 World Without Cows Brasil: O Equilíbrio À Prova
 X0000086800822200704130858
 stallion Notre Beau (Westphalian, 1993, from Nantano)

# Problem description:
From the line that contains "X0000086800822200704130858" down to the last line of the material above, copy every line word for word, both ends included.

# Written solution:
 X0000086800822200704130858
 stallion Notre Beau (Westphalian, 1993, from Nantano)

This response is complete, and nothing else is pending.